I am imagining some kind of dot plot, with the year on the x-axis and the ranking on the y-axis. That seems easy enough based on the data that we have above, but if you were to start constructing that plot, you'd pretty quickly run into a road block. What would your first function look like? `ggplot(aes(x = ??, y = ??))`

We discussed earlier that the tidyverse is opinionated on the topic of **tidy data**, and this particular question is tricky because this data set does not meet the criteria for tidy data:

>There are three interrelated rules which make a dataset tidy:<br>
1. Each variable must have its own column.<br>
2. Each observation must have its own row.<br>
3. Each value must have its own cell.<br>
- [**R for Data Science**](https://r4ds.had.co.nz/tidy-data.html)

How does `breed_ranks` violate these rules? We have a year variable, but that variable does not actually exist as such, in its own column. Shown above is one observation, by dog breed. But that "one" observation is actually eight separate observations: the rank in 2013, the rank in 2014, etc. Each observation needs to have its own row.

### `pivot_longer()`

Thankfully, the tidyverse gives us a handy solution from the `tidyr` package! The current structure of `breed_ranks` is in a *wide* format, and we need it to be in a *long* format. `pivot_longer()` to the rescue.

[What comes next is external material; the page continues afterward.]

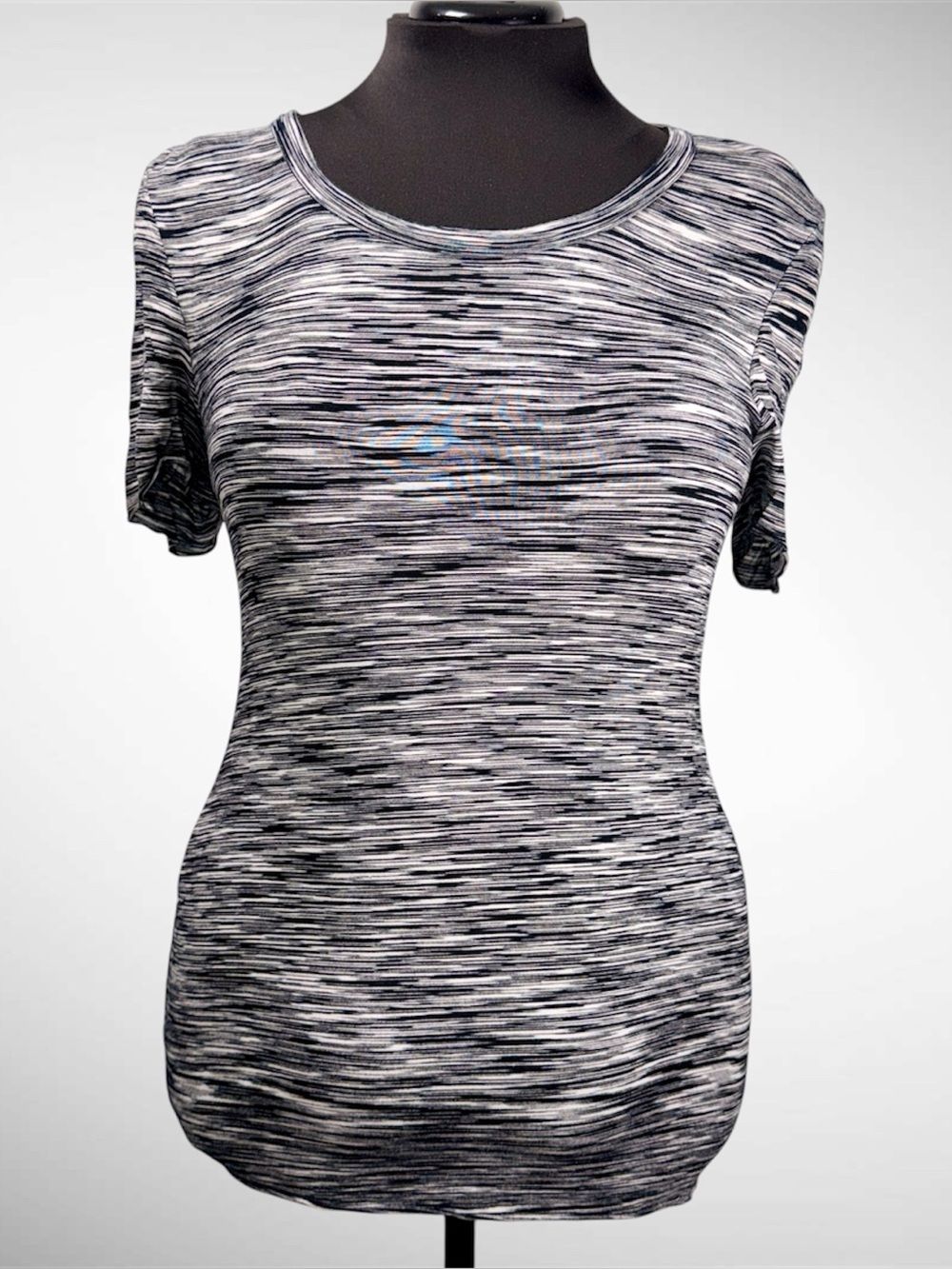 Women’s Bailey 44 Black and White Stripes Tee Size Medium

The code below uses the assignment operator to create a new data frame called `ranks_pivoted` based on `breed_rank`. The `pivot_longer()` function here has three arguments: the columns we want to pivot (remember we need to use back ticks because these variable names have spaces in them), the name for the new column consisting of the previous column headers, and the name for the new column consisting of the previous column *values*.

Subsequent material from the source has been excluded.